Filed with the Securities and Exchange Commission on March 14, 2022
Registration No. 333-
SECURITIES AND EXCHANGE COMMISSION
Washington, D.C. 20549
FORM S-3
REGISTRATION STATEMENT
UNDER
THE SECURITIES ACT OF 1933
EQUITABLE FINANCIAL LIFE INSURANCE COMPANY
(Exact name of registrant as specified in its charter)
NEW YORK
(State or other jurisdiction of incorporation or organization)
13-5570651
(I.R.S. Employer Identification No.)
1290 AVENUE OF THE AMERICAS, NEW YORK, NEW YORK 10104
(212) 554-1234
(Address, including zip code, and telephone number,
including area code, of registrants principal executive offices)
SHANE DALY
VICE PRESIDENT AND ASSOCIATE GENERAL COUNSEL
EQUITABLE FINANCIAL LIFE INSURANCE COMPANY
1290 AVENUE OF THE AMERICAS, NEW YORK, NEW YORK 10104
(212) 554-1234
(Name, address, including zip code, and telephone number,
including area code, of agent for service)
Approximate date of commencement of proposed sale to the public: As soon after the effective date of this Registration Statement as is practicable.
If the only securities being registered on this Form are being offered pursuant to dividend or interest reinvestment plans, please check the following box. ☐
If any of the securities being registered on this Form are to be offered on a delayed or continuous basis pursuant to Rule 415 under the Securities Act of 1933, other than securities offered only in connection with dividend or interest reinvestment plans, check the following box: ☒
If this Form is filed to register additional securities for an offering pursuant to Rule 462(b) under the Securities Act, please check the following box and list the Securities Act Registration statement number of the earlier effective registration statement for the same offering. ☒
If this Form is a post-effective amendment filed pursuant to Rule 462(c) under the Securities Act, check the following box and list the Securities Act registration statement number of the earlier effective registration statement for the same offering. ☐
If this Form is a registration statement pursuant to General Instruction I.D. or a post-effective amendment thereto that shall become effective upon filing with the commission pursuant to Rule 462(e) under the Securities Act, check the following box. ☐
If this Form is a post-effective amendment to a registration statement filed pursuant to General Instruction I.D. filed to register additional securities or additional classes of securities pursuant to Rule 413(b) under the Securities Act, check the following box. ☐
Pursuant to Rule 429 under the Securities Act of 1933, the prospectus contained herein also relates to Registration Statement No. 333-253036. Upon effectiveness, this Registration Statement, which is a new Registration Statement, will also act as a post-effective amendment to such earlier Registration Statement.
Indicate by check mark whether the registrant is a large accelerated filer, an accelerated filer, a non-accelerated filer, or a smaller reporting company. See the definitions of large accelerated filer, accelerated filer and smaller reporting company in Rule 12b-2 of the Exchange Act.
Large accelerated filer | ☐ | Accelerated filer | ☐ | |||||
Non-accelerated filer | ☒ | Smaller reporting company | ☐ | |||||
Emerging growth company | ☐ |
If an emerging growth company, indicate by check mark if the registrant has elected not to use the extended transition period for complying with any new or revised financial accounting standards provided pursuant to Section 7(a)(2)(B) of Securities Act. [_]

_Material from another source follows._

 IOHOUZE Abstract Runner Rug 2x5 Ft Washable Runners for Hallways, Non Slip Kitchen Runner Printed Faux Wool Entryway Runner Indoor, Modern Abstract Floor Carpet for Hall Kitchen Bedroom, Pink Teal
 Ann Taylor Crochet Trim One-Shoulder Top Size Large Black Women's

THIS REGISTRATION SHALL BECOME EFFECTIVE UPON FILING WITH THE U.S. SECURITIES AND EXCHANGE COMMISSION IN ACCORDANCE WITH RULE 462(B) UNDER THE SECURITIES ACT.
EXPLANATORY NOTE
This Registration Statement on Form S-3 is being filed for the sole purpose of registering additional interests in the Registrants Structured Investment Option® available under the Structured Capital Strategies® 16 contracts (contracts). The Registrant is registering an additional $740,000,000.00 of securities equal to no more than 20% of the securities eligible to be sold under the Registrants prior Registration Statement for the contracts. The contents of such prior Registration Statement (File No. 333-253036) are incorporated by reference into this Registration Statement.
EXHIBIT INDEX
SIGNATURES
Pursuant to the requirements of the Securities Act of 1933, the Registrant certifies that it has reasonable grounds to believe that it meets all of the requirements for filing on Form S-3 and has duly caused this Registration Statement to be signed on its behalf by the undersigned, thereunto duly authorized, in the City and State of New York, on this 14 day of March, 2022.

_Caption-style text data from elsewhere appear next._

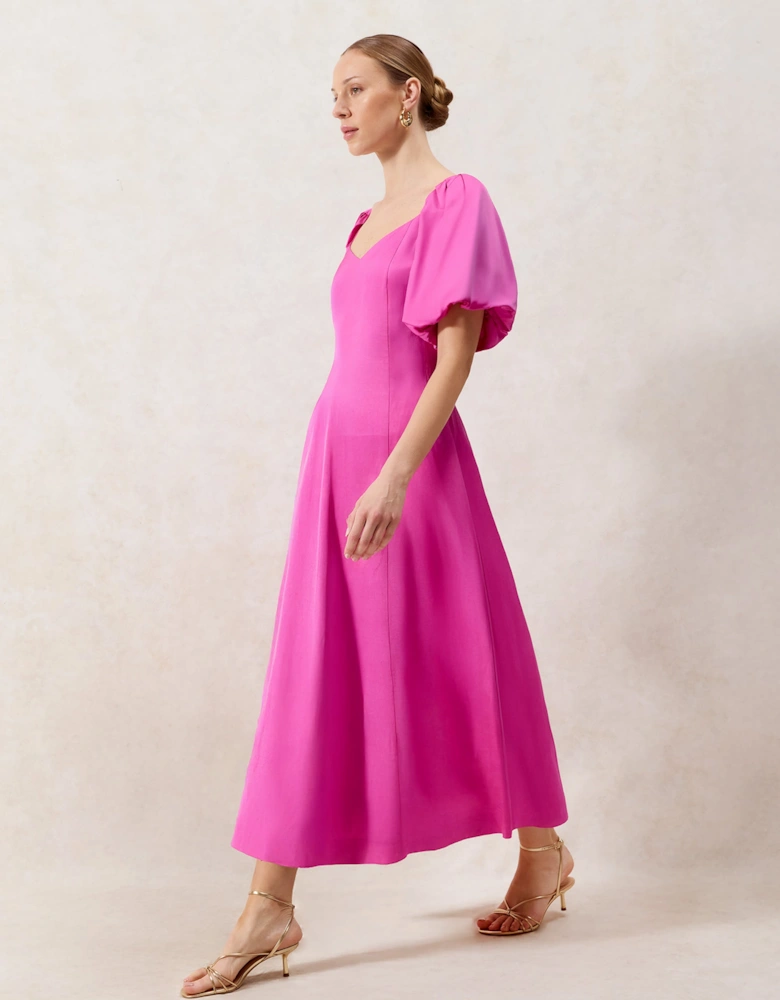 Yasmin Pink Puff Sleeve Dress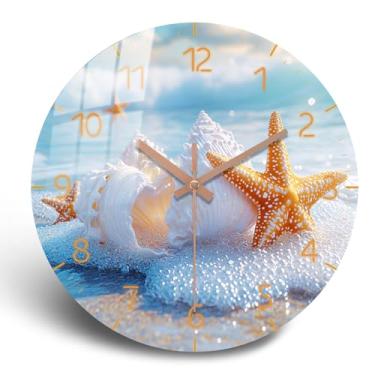 Imagem de PENGHONG Relógio de parede de praia grande, 61 cm, azul, redondo, silencioso, operado por bateria, relógio de parede de costa de madeira para cozinha, escritório, sala de estar, decoração de parede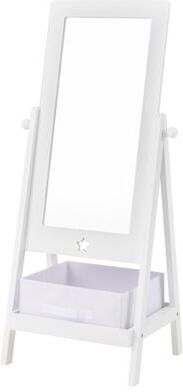 Costway Kids Full Length Mirror 360 Degree Rotatable Dressing Mirror with Storage Bin-White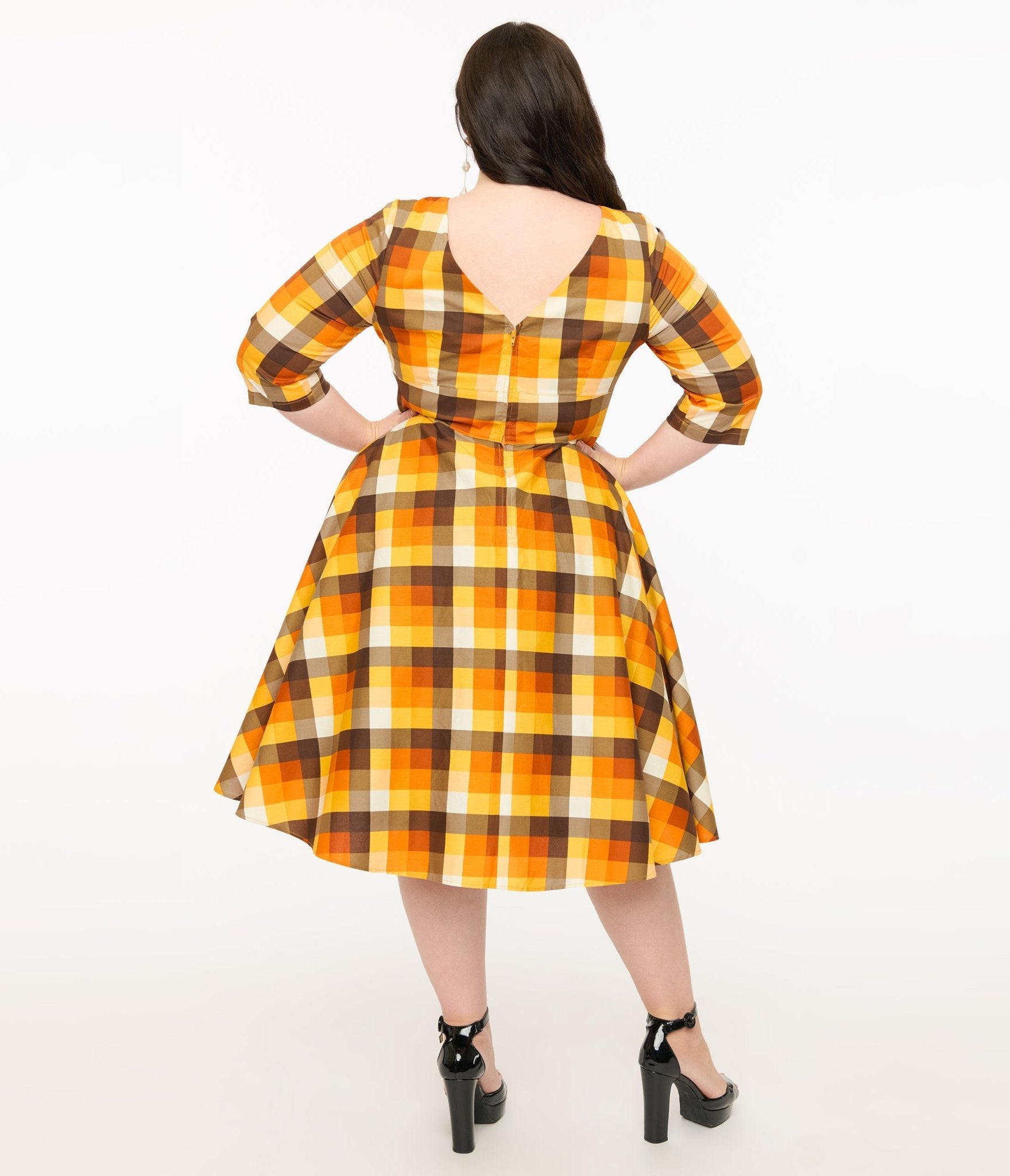 Hell Bunny Plus Size 1950s Vintage Checkered Cotton Swing Dress - Retro Darlene Style for Women, Fall Fashion, Casual Outing & Special Occasions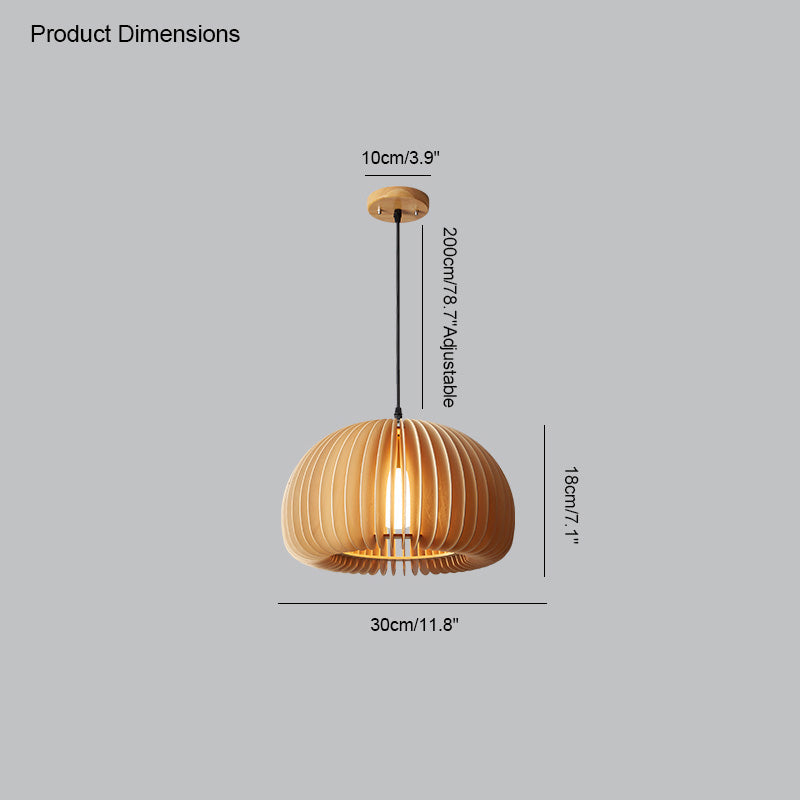 Olverai Pumpkin Wood Pendant Light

EQUITABLE FINANCIAL LIFE INSURANCE COMPANY | ||
(Registrant) | ||
By: | /s/ Shane Daly | |
Shane Daly | ||
Vice President and Associate General Counsel |
As required by the Securities Act of 1933, this Registration Statement has been signed by the following persons in the capacities and on the date indicated:
PRINCIPAL EXECUTIVE OFFICER: | ||
*Mark Pearson | Chief Executive Officer and Director | |
PRINCIPAL FINANCIAL OFFICER: | ||
*Robin Raju | Chief Financial Officer | |
PRINCIPAL ACCOUNTING OFFICER: | ||
*William Eckert | Chief Accounting Officer |
*DIRECTORS: | ||||
Francis Hondal Daniel G. Kaye |
Joan Lamm-Tennant Kristi Matus Mark Pearson |
Bertram Scott George Stansfield Charles G.T. Stonehill |
*By: | /s/ Shane Daly | |
Shane Daly | ||
Attorney-in-Fact |
March 14, 2022
SHANE DALY | ||
Vice President | ||
and Associate General Counsel | ||
(212) 314-3912 | ||
(212) 314-3959 | ||
[EQUITABLE FINANCIAL] | LAW DEPARTMENT | |
March 14, 2022 |
Equitable Financial Life Insurance Company
1290 Avenue of the Americas
New York, NY 10104
Dear Sirs:
This opinion is furnished in connection with the filing by Equitable Financial Life Insurance Company (Equitable Financial) of a Form S-3 Registration Statement of Equitable Financial for the purpose of registering Interests in the Structured Investment Option® (Interests) under the Securities Act of 1933.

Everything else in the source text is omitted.